● **Recorded data**
——
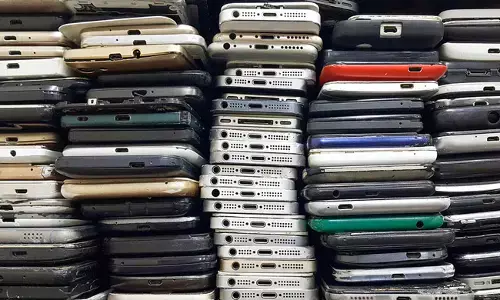 294 ಮೊಬೈಲ್ ಫೋನ್ ಗಳನ್ನು ಹೊಂದಿದ್ದ ವ್ಯಕ್ತಿಯನ್ನು ಬಂಧಿಸಿದ ಪೊಲೀಸರು | ನೇಪಾಳಕ್ಕೆ ಕಳ್ಳಸಾಗಣೆ ಶಂಕೆ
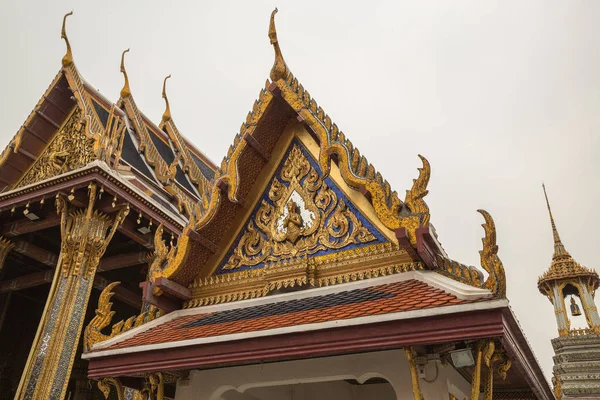 Détail entrée extérieure au temple à Bangkok — Photo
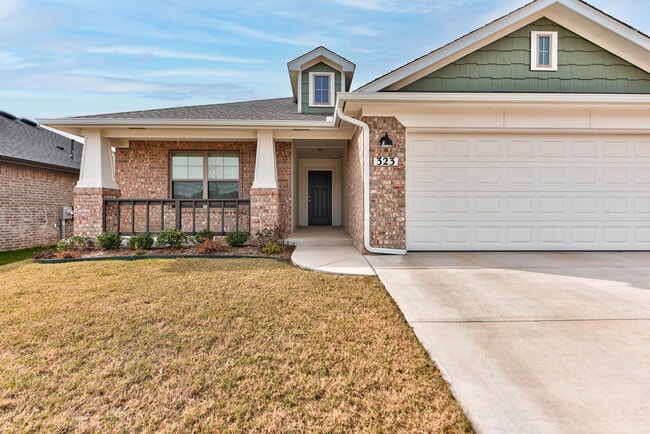 Photo - 323 Woodrock St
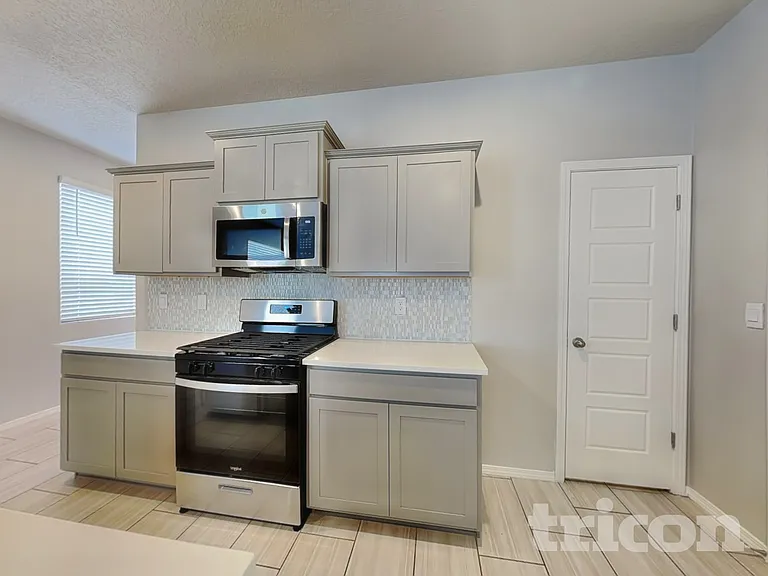 4872 Blackburn Rd NE — Photo 3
——
Without including a single picture, restate all of the data word for word.

● **Answer space**
 294 ಮೊಬೈಲ್ ಫೋನ್ ಗಳನ್ನು ಹೊಂದಿದ್ದ ವ್ಯಕ್ತಿಯನ್ನು ಬಂಧಿಸಿದ ಪೊಲೀಸರು | ನೇಪಾಳಕ್ಕೆ ಕಳ್ಳಸಾಗಣೆ ಶಂಕೆ
 Détail entrée extérieure au temple à Bangkok — Photo
 Photo - 323 Woodrock St
 4872 Blackburn Rd NE — Photo 3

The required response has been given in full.